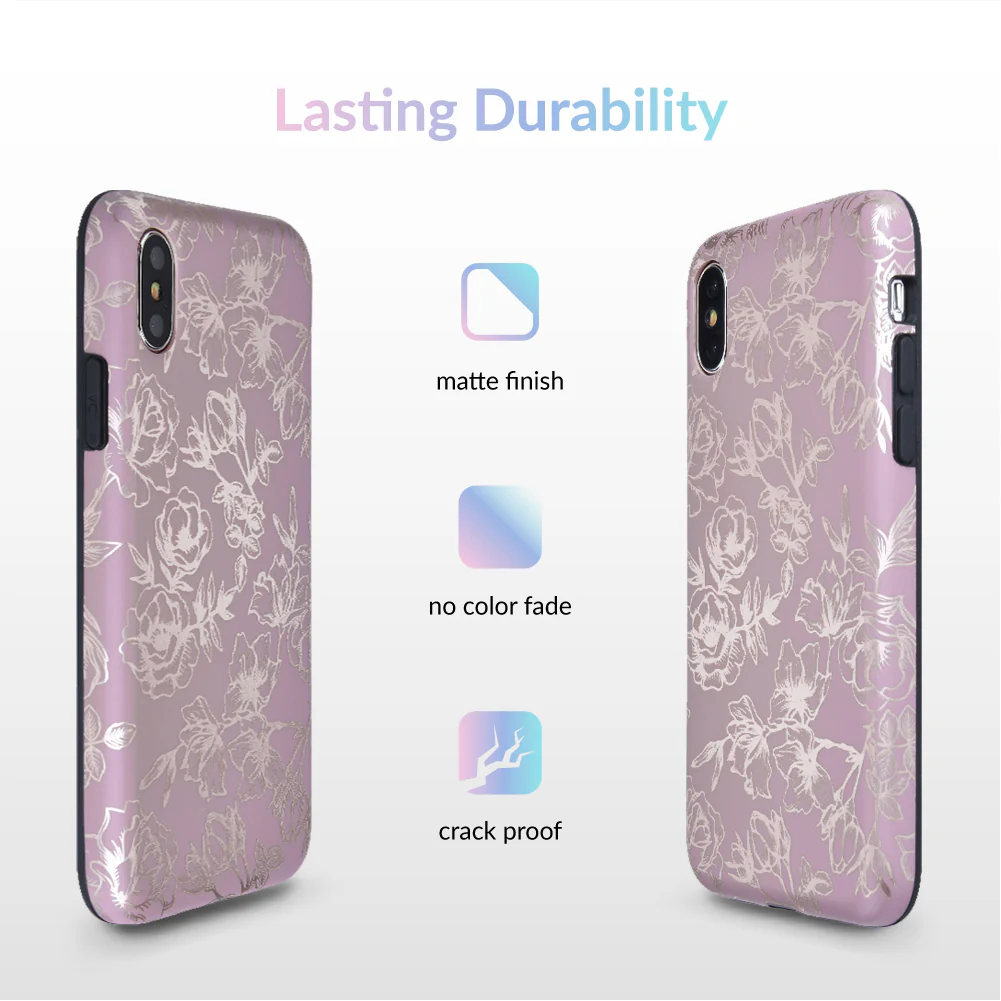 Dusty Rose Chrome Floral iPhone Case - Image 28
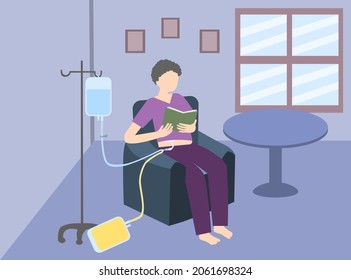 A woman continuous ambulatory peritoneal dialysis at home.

...

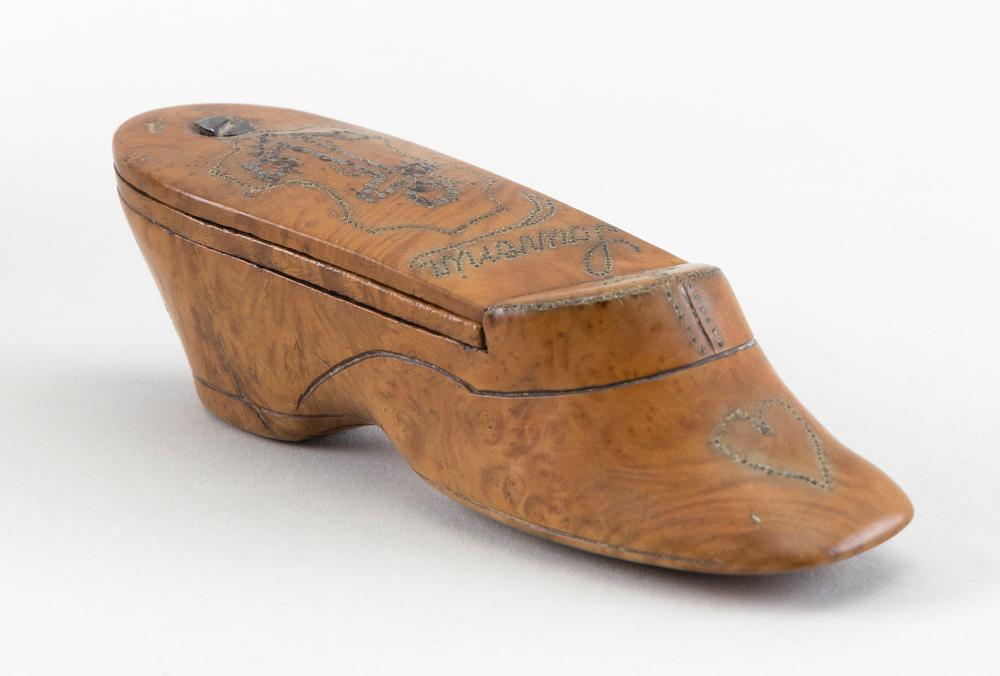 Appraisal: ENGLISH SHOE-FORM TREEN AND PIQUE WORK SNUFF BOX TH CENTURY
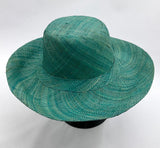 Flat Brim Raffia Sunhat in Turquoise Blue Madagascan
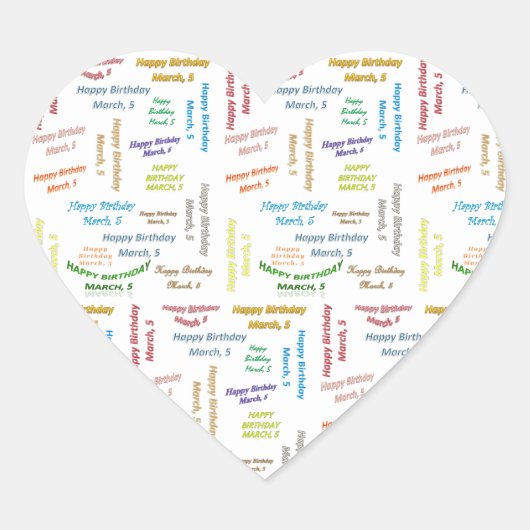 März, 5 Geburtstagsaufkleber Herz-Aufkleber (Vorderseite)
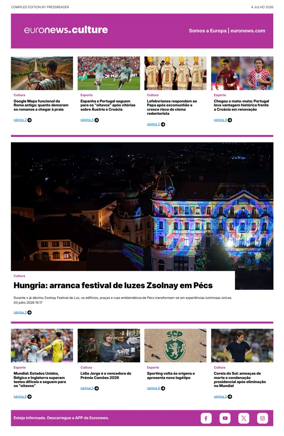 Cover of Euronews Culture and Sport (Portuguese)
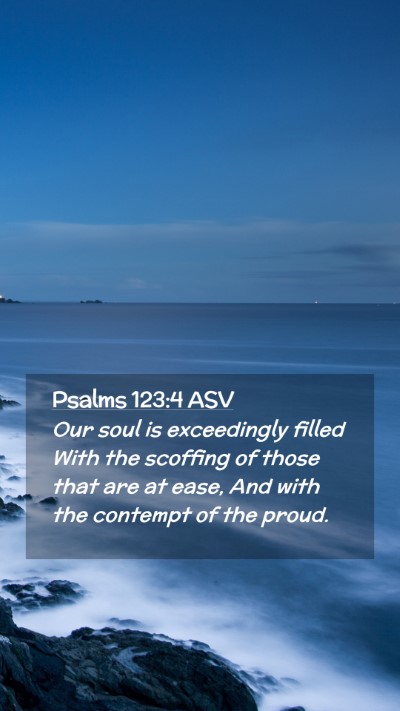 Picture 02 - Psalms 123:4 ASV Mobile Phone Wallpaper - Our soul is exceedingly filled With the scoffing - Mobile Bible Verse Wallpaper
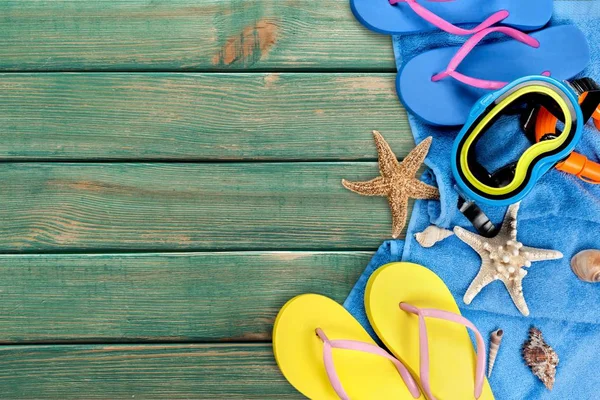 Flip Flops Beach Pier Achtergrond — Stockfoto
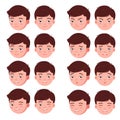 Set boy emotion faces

▶ Activity:
Return only the part above that opens with the line containing "Flip Flops Beach" and closes with the line containing "Set boy emotion faces", exactly and with both ends, skipping the pictures.

▶ Answer section:
 Flip Flops Beach Pier Achtergrond — Stockfoto
 Set boy emotion faces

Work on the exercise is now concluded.